Stage One of the U.S. – China trade agreement has been signed, the Senate ratified (finally) the USMCA, and the new U.S.-Japan trade agreement was implemented on January 1. There may be disagreement on some issues in the beef industry, but I think there is little disagreement, if any, regarding the positive impact of trade. The beef industry continues to build for the future addressing trade, quality improvement, animal welfare, and sustainable production (I would like to find another word for that).
Having said all of that, I want to switch gears and address an article that appeared recently in the Tri-State Livestock News (The Cattle Journal, Beef & Business, 2020 Edition, page 240.) about the Ligocki Ranch in Sheridan, Wyo., “One Hundred One Years In Wyoming’s Coal Country.” First, it is an excellent article and in light of my many connections, it truly caught my eye.

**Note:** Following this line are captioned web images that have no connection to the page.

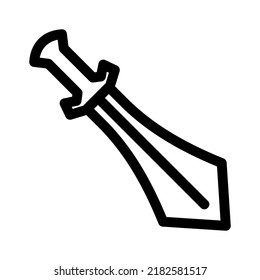 sword icon or logo isolated sign symbol vector illustration - high quality black style vector icons
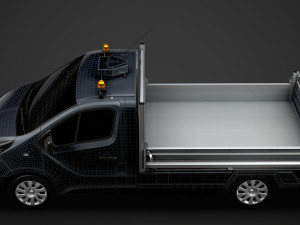 nissan nv300 tipper 2020 3D 모델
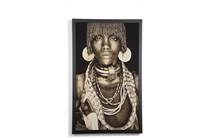 XOOON COCOMAISON wanddecoratie Hamar Woman schilderij 75x125cm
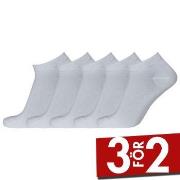 Dovre Strumpor 5P Sneaker Footie Vit Strl 40/45 Herr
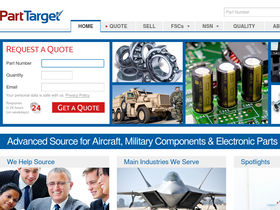 'parttarget.com' screenshot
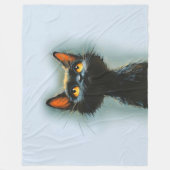 Enchanted Black Cat Fleecedecke (Vorderseite)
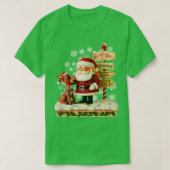 Art Santa and Rudolph Folk T-Shirt (Design vorne)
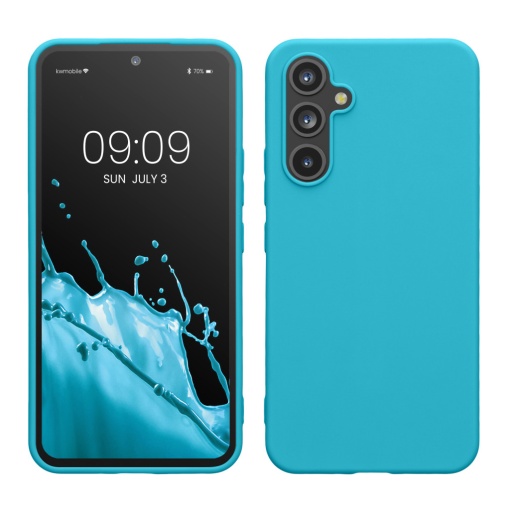 Husa Kwmobile pentru Samsung Galaxy A54 5G, Albastru deschis, Silicon, KWM000018FR044C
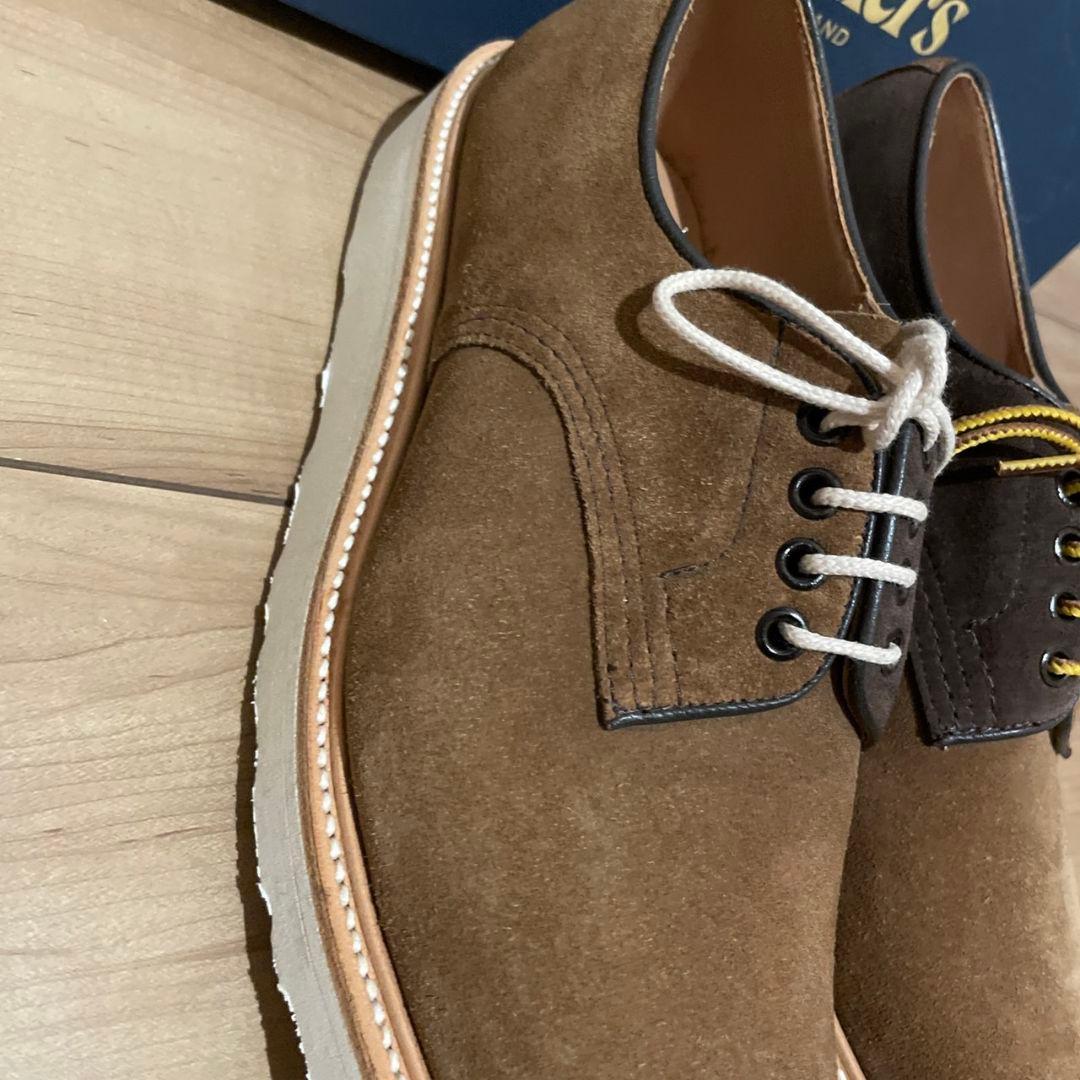 新品　Tricker's スエード 革靴　daniel　ダービーシューズ
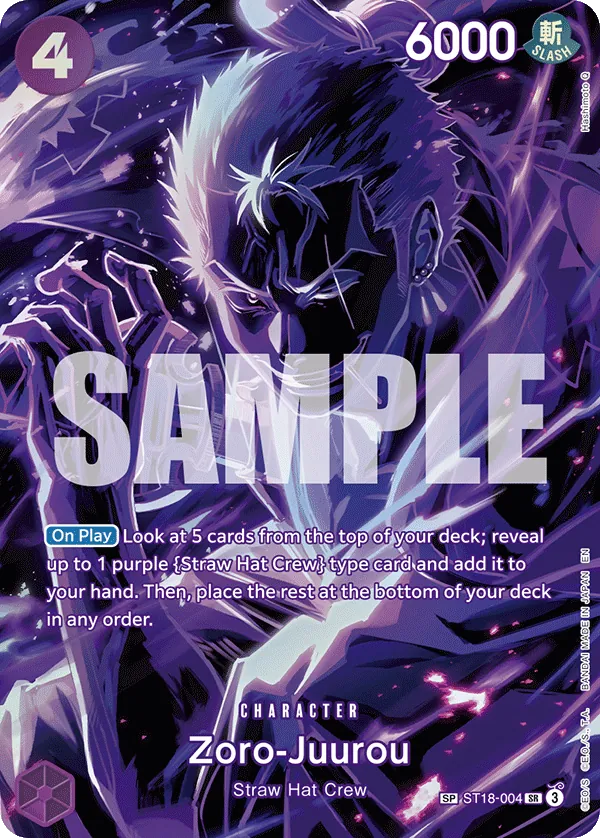Zoro-Juurou (SP) - ST18-004 - Special Card Foil (Inglés Foil NM)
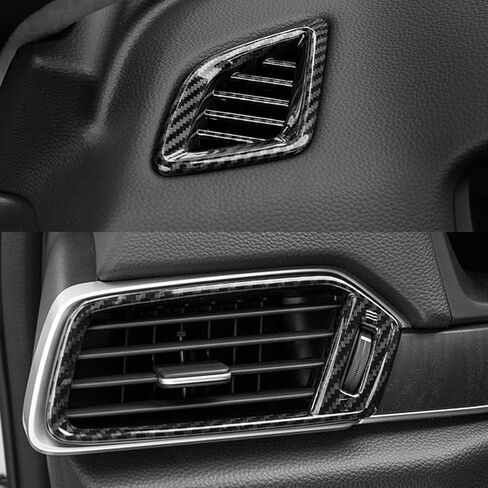 x xotic tech غطاء منفذ تيار متردد جانبي للوحة القيادة، نمط ألياف الكربون، متوافق مع Honda Accord الجيل العاشر 2018-2022 in Kuwait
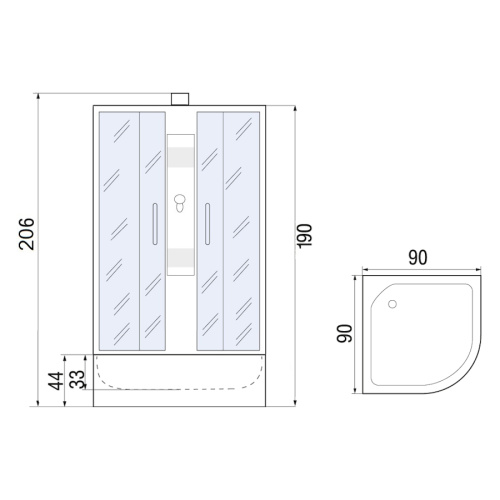 Схема, хромированный профиль, матовый профиль - фото 9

Born and raised in Sheridan, WY, a significant part of my family history (my mother’s side of the family) worked in Sheridan County coal mines. One of my great-grandfathers was the General Superintendent of Sheridan, WY, Coal Company, the owner of several of the mines operating in the era mentioned in the article.
My other great-grandfather was a mine foreman. I have his and my great-grandmother’s original Certificates of Naturalization dated June 19, 1925. When the mine at Monarch closed, my grandparents and my parents moved to Sheridan, the year I was born. My father’s side of the family were coal miners near Rock Springs, Wyo.
Another connection to the article – the beef industry. I didn’t become a miner. I started working on a ranch in the Powder River Basin when I was in high school (1968) and while my beef industry association now goes beyond the ranch, it was that first ranch job that became the catalyst to a life-long career in the beef industry.
Just as coal mining and the mines near Sheridan have seen significant change, so has the beef industry. TSLN’s article illustrates well the changes that have occurred in two of Wyoming’s and our country’s major industries – mining and agriculture. Across rural America, close-knit ties were established in both mining and agricultural communities.
While change is inevitable, it is important to maintain those community ties built around agriculture and mining that have been the fabric of rural America. At the same time, as the beef industry continues to evolve in order to meet demand from both U.S. and global customers, it is imperative that cattlemen maintain forward progress.